◆ WHAT THE TASK REQUIRES ◆
Only one span is wanted from the lines below: from the one with "Woman Black Regular" up to and including the one with "センターコンソールには、機械". Copy it exactly, without images.

◆ EXERCISE DATA ◆
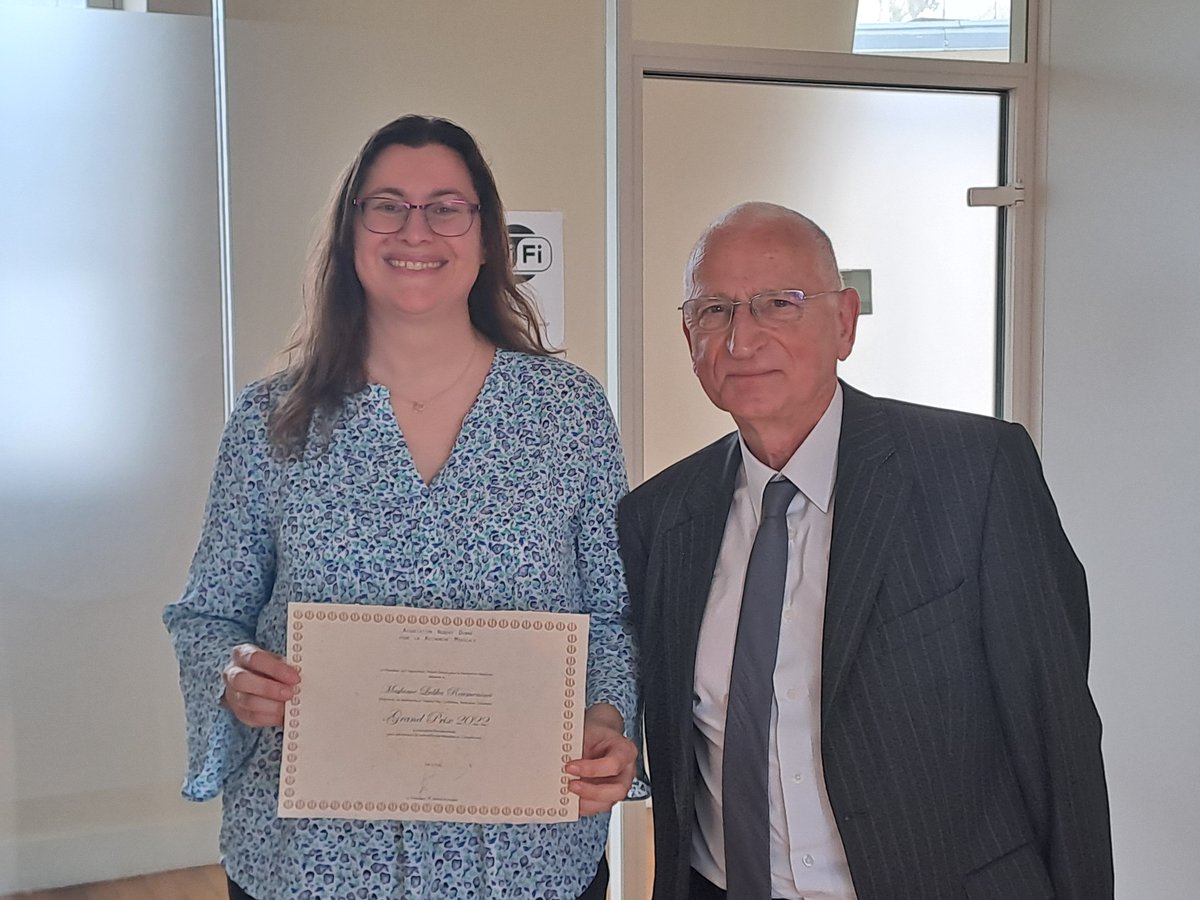 It is an immense honor for me to receive the Grand Prix for basic research from the 
Association Robert Debré for medical research A R D R M.

This recognition of my work on #complementbiology would not be possible without my fantastic group at @CRCordeliers and my family.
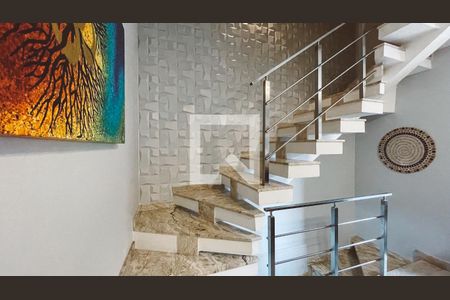 Escada de casa de condomínio à venda com 3 quartos, 200m² em Santana, São Paulo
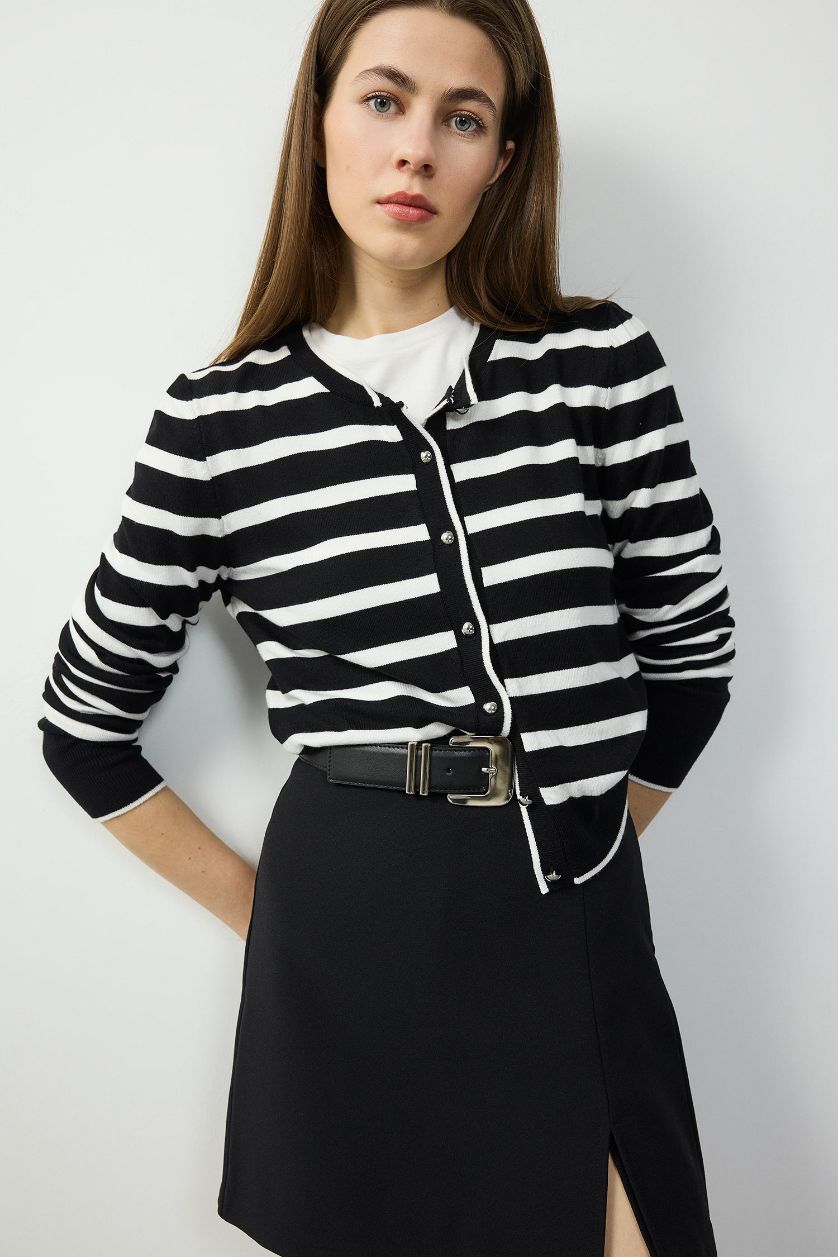 Woman Black Regular Fit Crew Neck Buttoned Knitwear Striped Cardigan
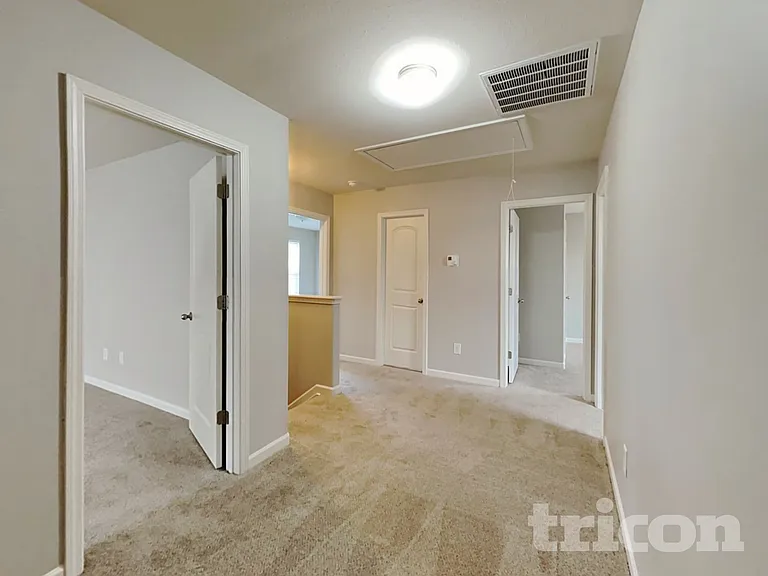 4114 Vershire Ave — Photo 17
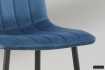 Chaise design en velours coloris bleu, pieds noirs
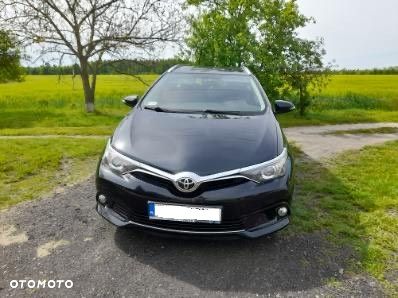 Toyota Auris 1.6 Premium MS - 3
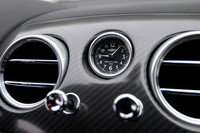 センターコンソールには、機械式腕時計で名高い、ブライトリング社の時計が鎮座する。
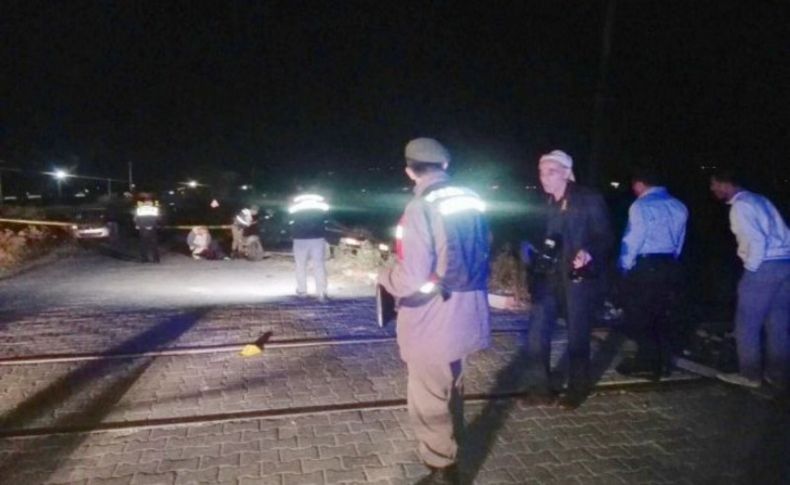 Tren otomobile çarptı: 3 kişi öldü, 3 kişi ağır yaralandı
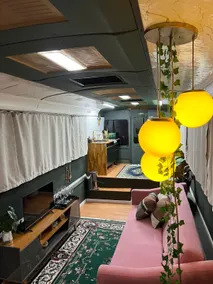 My Gold Bus - Image 2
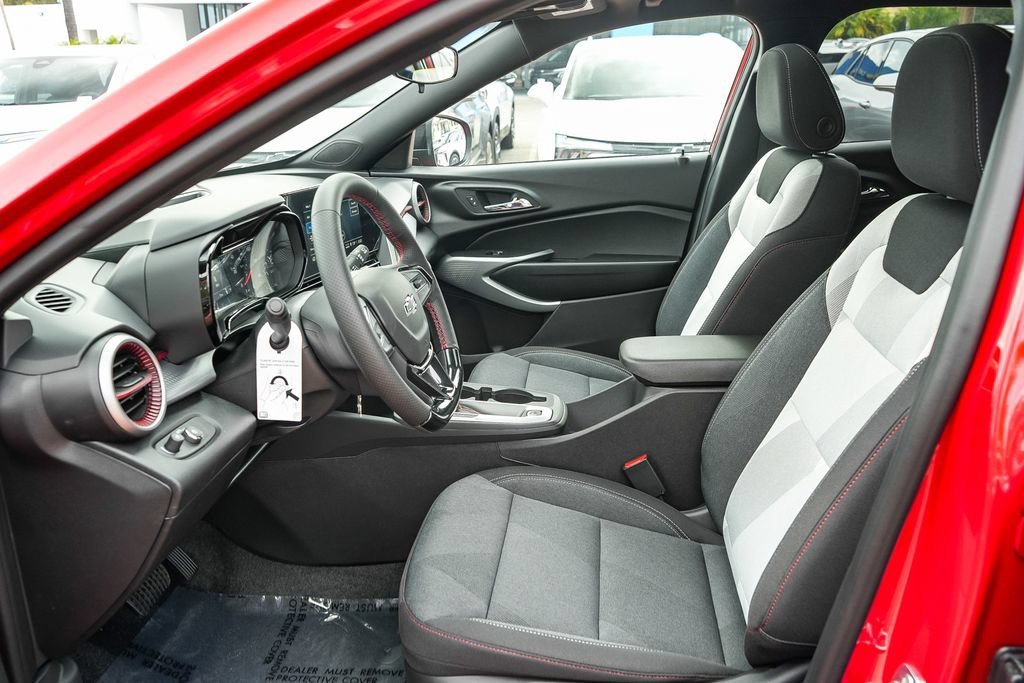 2026 Chevrolet Trax RS - Photo 17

◆ ANSWER SECTION ◆
 Woman Black Regular Fit Crew Neck Buttoned Knitwear Striped Cardigan
 4114 Vershire Ave — Photo 17
 Chaise design en velours coloris bleu, pieds noirs
 Toyota Auris 1.6 Premium MS - 3
 センターコンソールには、機械式腕時計で名高い、ブライトリング社の時計が鎮座する。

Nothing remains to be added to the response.